Sitting down to play a new planet in Before We Leave is a relaxing experience perfect for accompanying music or a background podcast. While developing a tech tree that will enable your people to take on new roles may be evocative of a real-time strategy game, you’ll find none of the genre’s urgency here.
There’s no need to worry about a raiding band of Orcs coming to hack your citizens to death. In fact, there’s no need to worry at all.
In my first playthrough, I accidentally expanded my new civilization on a desert island too far and failed to get the proper food-production in place before my citizens became too hungry to work. I may have gotten a bit distracted looking at my snowy island’s new developments.
By the time I realized my mistake, they had all taken on the equivalent hunger of being 100 potatoes past-due for a meal. They weren’t happy, sure, but they were still alive.
With no risk of death or mayhem, you’re free to take the game at your own pace, however breezy that might be. When I first gained access to a ship I sailed around the entire planet, clearing out every hexagon of uncertainty, just to see what was out there. The whole thing took several minutes, even on a small planet build, and not once did I think about the civilization I left behind. They were fine, and they’d be waiting for me when I got back.
Rebooting Your Reboot
When you load up a new game of Before We Leave, you get the chance to start civilization anew. Unfortunately, that doesn’t always go as planned. The good news is there’s always the next civilization.
When you start the game, you not only choose the size of your planet but also a seed number. This seed is used to procedurally generate a world. This means you can replay your last experience, should you so choose, or you can enter something new and explore a new world.
On another note, I’ve found the game’s trade system in its current form a bit opaque. An easy fix came with my first holdup, a lack of clarity in regards to which side of a trade table to put the goods being swapped. On that front, I tried what seemed right based on the arrow graphics, saw the exact opposite of my intended trade happening, and swapped them.

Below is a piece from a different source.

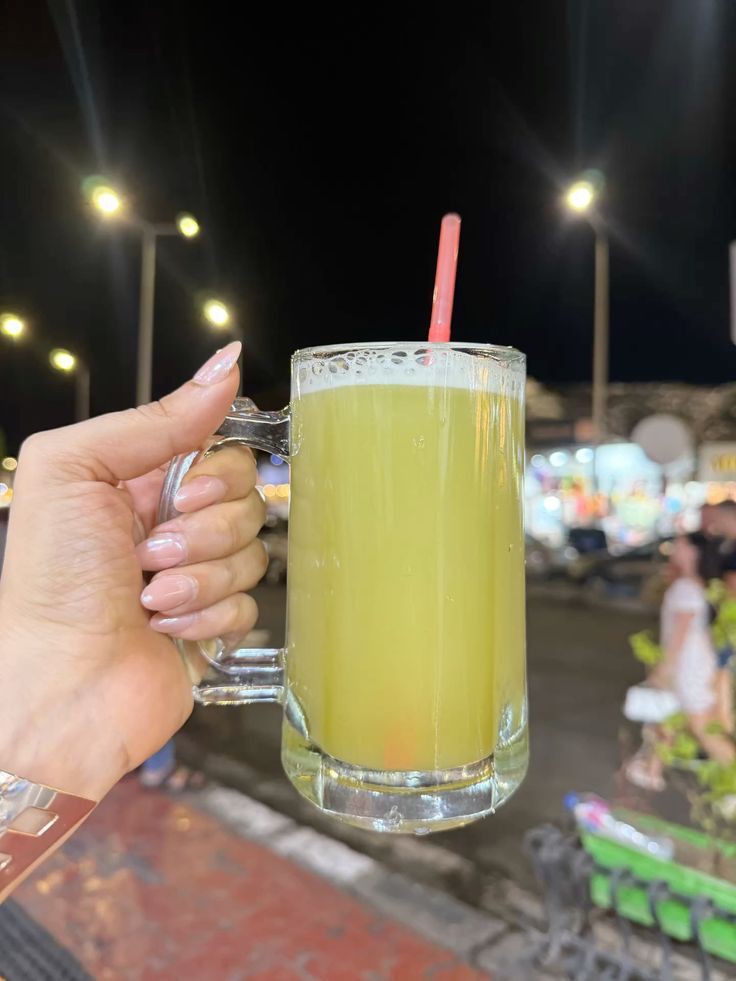 صورة توضيحية لنبات قصب السكر الطويل في حقل أخضر، جاهز للحصاد واستخراج العصير الحلو منه، مما يرمز إلى الخيرات الطبيعية.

Another area that tripped me up came when, in desperate need of food, nobody on my new island bothered to take it off the ship. And no one on the main island was loading more than one potato per trip. Ultimately, after throwing the game in 4x speed and trying for about 15 minutes to sort it out, I gave up.
I didn’t stop playing, though, I just loaded up a new planet. With my podcast playing, I set about building a new civilization, once again learning to master elevators and glass as I built towards a future flight into space.
This is where the game is at its best. Games that allow you to relax and vent in a very-chill setting are growing in popularity, and Before We Leave is a fine option for scratching that itch.
If you’ve got 40 minutes to kill and don’t feel like spending that time trying six times to beat the same Nioh boss, you can do a lot worse than poking your head out of the bomb shelter and seeing what you can build.
[Note: A copy of Before We Leave was provided by Balancing Monkey Games for the purpose of this impressions article.]